Interviewer: Now that you’ve climbed four days on the Inca Trail, what are you thinking?
Me: Where’s the shitter?
But before I can explain that, we need to back up almost two weeks. On 9-15-2012 (or 15-9-2012 as other countries put it), Monica and I left for a two week trek through Peru. We wanted to experience all that the country had to offer, so we had large, medium, and small cities on the agenda, along with the Amazon River Basin, the Inca Trail, and Machu Picchu. It was really multiple trips in one … and I can honestly say that I miss it already.
So let’s take a non-chronoloigcal tour of what we experienced and who we experienced it with.
Our trip was through a company called Gap Adventures, and along with us were 14 other folks whom we had never met. Ranging in age from 25 to (at least) 65, and originating from Scotland, the UK, Canada, and the States. At first, we were a hesitant bunch, seemingly so different. But by the end, I can honestly say we were closer to family.

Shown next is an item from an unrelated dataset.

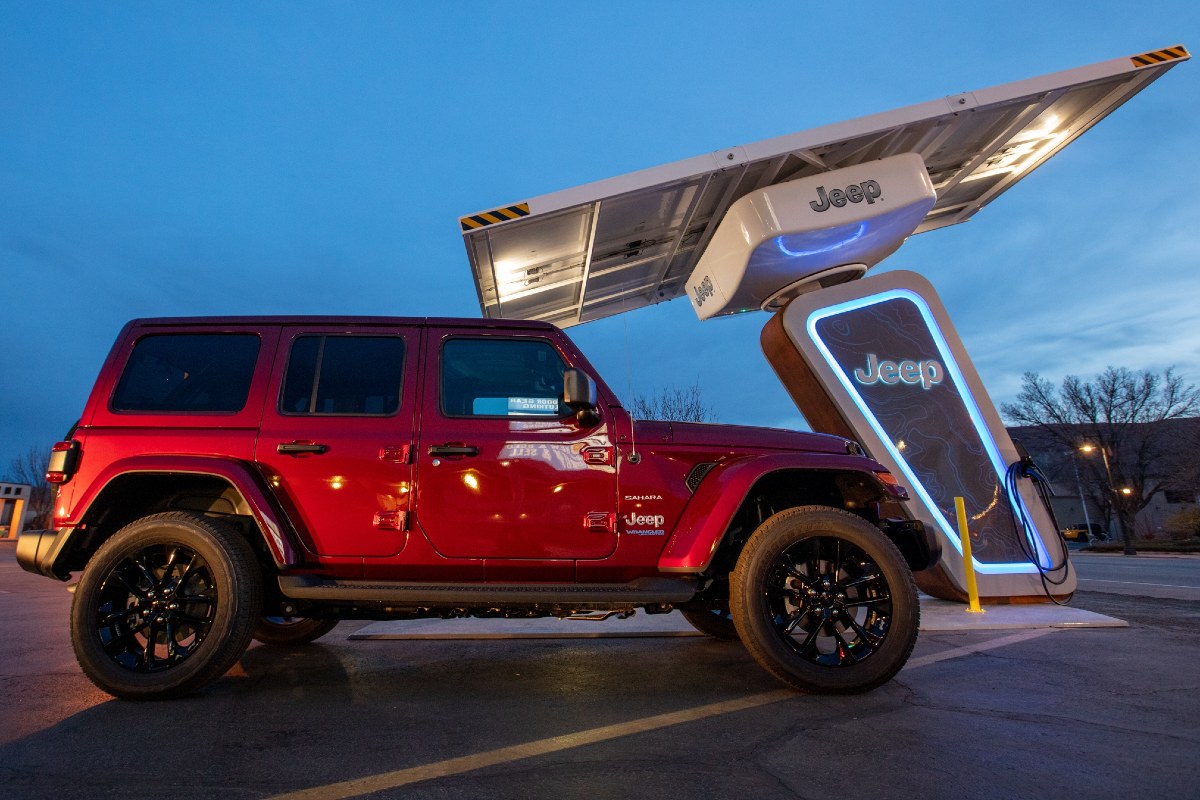 Jeep Wrangler Exterior Passenger Side Profile at Official Jeep Public Charging Station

This was the first trip I have taken with strangers, and without a doubt, the trip was enriched by the clan. I miss my friends already.
Tale of Three Cities
Before I begin, I must first apologize to a new friend. One who hails from one of the places I am about to describe. I did love your hometown, but compared to everything else your country offered, I have to say it wasn’t on top. Nor even very exciting. So please take no offense.
OK, what did I mean by that? Well … Lima. Capital of Peru. It’s a large city. And that’s about all I can say about it. Then again, I say the same thing about all major cities. London, Athens, Cincinnati … they each have something interesting, but you can “do” them in a day or two. Other than that, they’re just a large place where a lot of people live in close proximity, and restaurants abound.
Lima was the largest place we visited, and it was the start of the trip. It was actually dreary. It’s a desert on the coastline, and rarely rains. But it’s almost always 100% cloudy and gray. The air seems to condensate at all times, and it can feel a tad depressing. But the people are extremely friendly, and the coastline is beautiful. We enjoyed watching the surfers attack the waves, and the food was absolutely awesome. And we even managed to stay alive, despite the Drivers of Peru.
I learned a new word starting in Lima. Pare. It translates literally in English to stop. They have it painted on smaller roads where they intersect with larger roads and even have it on those octangular signs on the corners. But it really means something else to Peruvians. I think something like “Hey, how are ya”. Or maybe “Hey, did you catch the game?”. It certainly didn’t mean one should alter the speed of the car. Oh no, not at all. And painted lines on the streets that might normally align and contain the flow of traffic. Pffft. Yet it all somehow worked. I think it had something to do with horns. Everyone honks, and no one seems to care. No road rage, just a constant chatter of horns. “I’m here”, “Coming through”, “How are the wife and kids?” seems to be the message. No one takes offense, but everyone gets where they want to go when they want to. Yet for all of this, they are absolutely obedient when it comes to obeying traffic lights and parking. I was in multiple vehicles that ran stop signs at speed, turned two lanes into five, and tore through traffic at the speed of light … only to take an extra five minutes to make sure their car was parked completely off the road and to leave as much room as possible for fellow drivers to place their vehicles. Very strange.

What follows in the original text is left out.